##### INFORMATION PROVIDED #####

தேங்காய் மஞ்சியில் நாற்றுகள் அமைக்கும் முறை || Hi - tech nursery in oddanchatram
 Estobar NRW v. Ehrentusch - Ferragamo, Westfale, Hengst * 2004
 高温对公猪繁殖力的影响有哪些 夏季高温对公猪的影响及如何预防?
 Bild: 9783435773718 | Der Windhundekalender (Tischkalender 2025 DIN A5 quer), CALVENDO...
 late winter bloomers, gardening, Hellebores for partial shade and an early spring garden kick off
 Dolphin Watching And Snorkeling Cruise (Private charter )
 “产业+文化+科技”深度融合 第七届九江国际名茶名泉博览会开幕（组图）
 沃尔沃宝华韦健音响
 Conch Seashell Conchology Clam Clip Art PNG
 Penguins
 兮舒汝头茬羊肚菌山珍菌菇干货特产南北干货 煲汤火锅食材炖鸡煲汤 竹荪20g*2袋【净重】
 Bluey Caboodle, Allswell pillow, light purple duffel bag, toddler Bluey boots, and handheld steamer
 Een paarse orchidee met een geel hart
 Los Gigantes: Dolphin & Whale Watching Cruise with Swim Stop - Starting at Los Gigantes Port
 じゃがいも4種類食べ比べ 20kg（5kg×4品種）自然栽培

#####

Restate word for word the entries above, starting at the line with "Estobar NRW v." and ending at the line with "late winter bloomers, gardening, Hellebores", inclusive, and no others.

--- YOUR RESPONSE ---
 Estobar NRW v. Ehrentusch - Ferragamo, Westfale, Hengst * 2004
 高温对公猪繁殖力的影响有哪些 夏季高温对公猪的影响及如何预防?
 Bild: 9783435773718 | Der Windhundekalender (Tischkalender 2025 DIN A5 quer), CALVENDO...
 late winter bloomers, gardening, Hellebores for partial shade and an early spring garden kick off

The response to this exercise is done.